Les frères sisters

Patrick deWitt

Actes Sud

  • Conseillé par
    27 septembre 2012

    «Nous sommes du même sang mais nous n’en faisons pas le même usage.»

    J’avais adoré les frères loufoques «Homer et Langley», de E.L . Doctorow, paru également chez Actes Sud. Sorte de conte philosophique à la «Candide» de Voltaire dont je ne me lasserai pas de conseiller la lecture jubilatoire.
    Aucun rapport avec ce livre, sauf une histoire de deux frères.
    Bon, passons...

    Là nous voilà partis dans une aventure du grand mythique Far West.
    Sorte de roman-western toqué d’absurde où se mélangent, se confondent, se chevauchent le comique et le tragique.
    Sorte de picaresque chevauchée effrénée où le lecteur galope (du coq à l’âne) de courts chapitres en courts chapitres, au gré, à la merci des rencontres que s’amuse à nous proposer l’auteur Patrick DeWitt.
    DeWitt, cela se sent à la lecture, a bien dû s’amuser à l’écrire.
    Le lecteur, cela se sent à l’écriture, s’amusera à le lire.
    Bon, passons...

    1851, nous suivons les frères Sisters, Eli et Charlie Sisters en Californie.
    Deux frères déjà légendaires dans l’ouest américain.
    Deux tueurs à gage : stupides et cruels mais...si attachants !
    Eli et Charlie ne sont jamais du même avis.
    Toujours à se contredire, à se chamailler...comme deux gamins.
    Laurel et Hardy au Far West, le film.
    Sorte de Don Quichotte sous acide «Orange Mécanique», fumant comme un «Pulp Fiction», ardent de braises à la McCarthy.
    C’est possible ça ?
    Humour noir, cadavres pas toujours exquis, dialogues insensés...
    Recherche de l’amour, de la Mère éternelle...pour les adeptes du «freudisme» (si, si, ça existe, croyez-moi, j’en ai vus de mes propres yeux). La maison-mère, à l’abri de tous les dangers et de toutes les horreurs de l’existence. «Ses cheveux, son visage et son cou sentaient le sommeil et le savon."
    La mère qui console...qui absout...
    Bon, passons...

    Les frères Sisters donc.
    Eli franc du mot, Charlie franc de la gâchette (qui abat «nonchalamment» ses victimes...parfois innocentes).
    Eli se pose beaucoup, beaucoup de questions.
    Charlie l’aîné, beaucoup, beaucoup moins.
    C’est Elie qui nous raconte l’histoire.

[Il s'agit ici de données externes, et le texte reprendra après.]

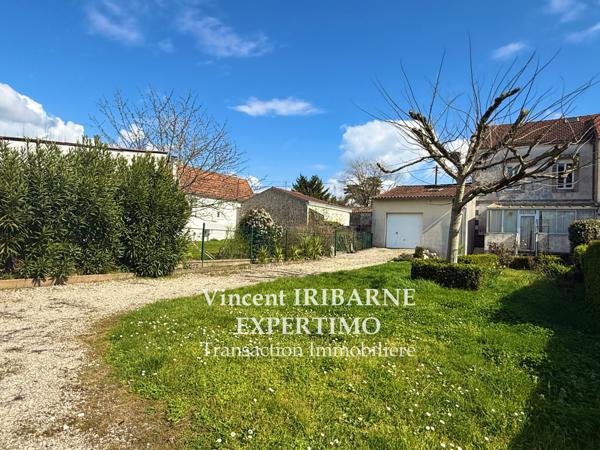 Saintes (17100) Maison De Ville, Garage et Jardin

    Deux sanguinaires tueurs à gage, dis-je.
    Sur odre du mystérieux «Commodore», nos deux frangins doivent traquer Hermann Kermit Warm, un chercheur d’or.
    «Qu’est-ce qu’il a fait, ce Hermann Warm ?
    - Il a pris quelque chose au Commodore.
    - Qu’est-ce qu’il a pris ?
    - Nous le saurons bientôt. Avant tout, il faut le tuer.»

    Et nous voilà en selle pour la chevauchée fantastique.
    Sur le chemin, nous allons rencontrer, en vrac : un ex cowboy improvisé dentiste, un homme qui pleure tout le temps, une sorte de sorcière, un indien mort, un serveur de restaurant philosophe, une brosse à dents révolutionnaire, des trappeurs déguisés en ours, une ourse rousse, un dandy «épistolaire» trop précieux, une «énaurme» fille de joie, un cheval borgne, une rivière illuminée, des castors qui roulent sur l’or, de l’or qui rend aveugle et j’en passe et des plus farfelues...
    Et tous ces personnages improbables de parler un langage précieux digne d’un salon de l’Hôtel de Sully en plein XVIIIe.
    Mais où va t-on ?

    Né en 1975 sur l'île de Vancouver, Patrick deWitt vit actuellement à Portland, Oregon.
    «Les Frères Sisters» a figuré dans la dernière sélection du Man Booker Prize 2012, la plus haute distinction littéraire aux États-Unis et a remporté le prix littéraire du Gouverneur général, le prix de l’Association des auteurs canadiens et a été élu meilleur livre de l’année par le Publishers Weekly.

    Bref, un livre attrayant, repoussant, inquiétant, émouvant.
    Comme une impression d’irréalité...

    «Croire en une source diabolique supernaturelle n’est pas nécessaire ; les hommes sont capables de toutes ces méchancetés par eux-mêmes.» Joseph Conrad

    Bon passons et bonnes lectures...et comme dit si bien Eli Sisters : «Jamais je ne serai un meneur d’hommes, et je n’ai aucune envie de l’être ; mais ne souhaite pas non plus être mené. je veux rester maître de moi-même.»